Proof of Shannon's entropy formula: Suppose that $p_1,...,p_n$, and $q_1,...,q_n$ are positive numbers... Suppose that $p_1 ,...,p_n,$ and $q_1,...,q_n$ are positive numbers and $\sum_i p_i$ = 1 = $\sum_i q_i$. 
Show that $\sum_{i=1}^m p_i \log(1/q_i)$ ≥ $\sum_{i=1}^m p_i \log(1/p_i)$ with equality if and only if $p_i$ = $q_i$, i = 1, ..., n. 

My Attempt (I think I made an error early on?):
\begin{align}
\sum_{i=1}^m p_i \log(1/q_i) - \sum_{i=1}^m p_i \log(1/p_i) &= \sum_{i=1}^m p_i [ \log(1/q_i) - \log (1/p_i)] \\
   &=\sum_{i=1}^m p_i \log(p_i/q_i) \\
   &= \sum_{i=1}^m p_i \ln(p_i/q_i) \\
   &≥ \sum_{i=1}^m (p_i/q_i -1) \\
   &=  \sum_{i=1}^m 1/q_i -\sum_{i=1}^m 1/p_i \\
   &= 0
\end{align}
 A: *

*It looks like your big error is in the 2nd line. It should instead be the following: For each $i=1,2,\ldots, n$: 


$p_i \ln (p_i/q_i) = -p_i \ln(q_i/p_i) \geq -p_i(q_i/p_i -1) = (p_i - q_i)$. Also, for your proof you need to observe that the equality $-p_i \ln(q_i/p_i) = -p_i(q_i/p_i -1)$ holds if and only if $q_i/p_i=1$ or equivalently, if and only if $p_i=q_i$.  [and so of course $-p_i\ln(p_i/q_i) =$ 0].


*The step $\sum_{i=1}^n p_i \log(p_i/q_i)$ $=$ $\sum_{i=1}^n p_i \ln(p_i/q_i)$ [at the end of your top line of your proof] is technically incorrect, as $\log A \not = \ln A$ for any positive $A$. For example, does $\log 10 = \ln 10$?


However, what is correct is that $\sum_{i=1}^n p_i \log(p_i/q_i)$ is nonnegative iff $\sum_{i=1}^n p_i \ln(p_i/q_i)$ is nonnegative, which is what it looked like you were trying to show.
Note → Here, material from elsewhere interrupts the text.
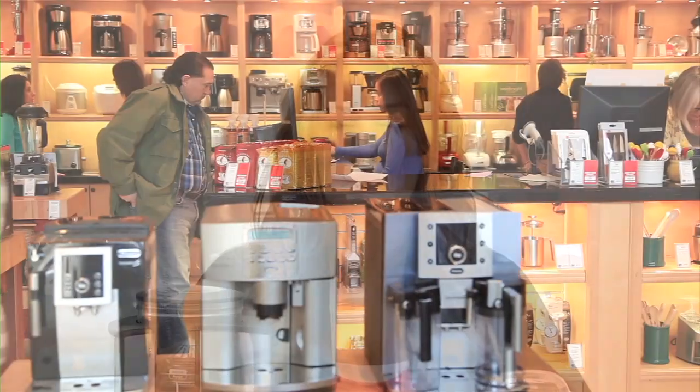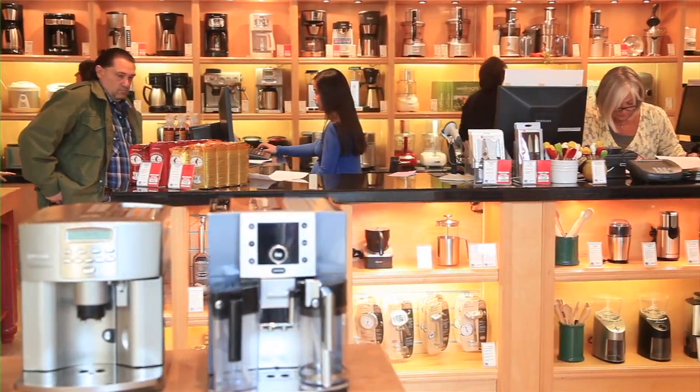For many of us, coffee is a necessity to get through our mornings. The only way to truly get the freshest cup of coffee is to grind whole beans by using a coffee grinder. Here at Apt, our gourmet shop has exactly what you need to make that perfect cup.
To this end, you could say at the end of your top line of your proof that $\sum_{i=1}^n p_i \log(p_i/q_i)$ is positive/zero iff $\sum_{i=1}^n p_i \ln(p_i/q_i)$ is positive/zero, which is what you will next show.
See if this is enough for you to correct.
A: The quantity $\sum_{i=1}^m p_i \log(1/q_i) - \sum_{i=1}^m p_i \log(1/p_i)$ is called the relative entropy (or Kullback–Leibler divergence) of the probability distributions $p$ and $q$. It is usually denoted as $D(p | q)$. What you are looking to prove here is that $D(p||q) \geq 0$.
$D(p||q) = \sum _i p_i \log \frac{p_i}{q_i} = \sum _i p(x) \left(- \log \frac{q_i}{p_i} \right) =  \mathbb{E}_{p_i} \left[ -\log \left( \frac{q_i}{p_i} \right) \right] $
The common way of proving this relies on the Jenson's inequality which states that if a function $f(x)$ is convex then 
$\mathbb{E}_{p_i} \left[ f(x) \right] \geq f\left( \mathbb{E}_{p_i}[x] \right)$
with equality only if and only if $x$ is a constant. Since the function $f(x) = -\log(x)$ is convex what follows from this is that
\begin{align}
D(p||q) &= \mathbb{E}_{p_i} \left[ -\log \left( \frac{q_i}{p_i} \right) \right] \\
&\geq -\log \left( \mathbb{E}_{p_i}\left[\frac{q_i}{p_i}\right] \right) \\
&= -\log \left( \sum _i p_i \frac{q_i}{p_i} \right) \\
&= -\log \left( \sum _i q_i \right) \\
&= -\log 1 \\
&= 0 \\
\implies D(p||q) \geq 0
\end{align}
From Jensons inequality, the inequality above will only equate if $p_i/q_i$ is a constant for all $i$. This implies that $p_i = k q_i$ for some constant $k$. What follows from this is 
\begin{align}
\sum_i p_i &= \sum_i k q_i \\
&= k \sum_i q_i \\
&= k \times 1 \\
\implies k = 1
\end{align}
It thus follows that we get equality only if and only if $p_i = q_i$ $\forall i$.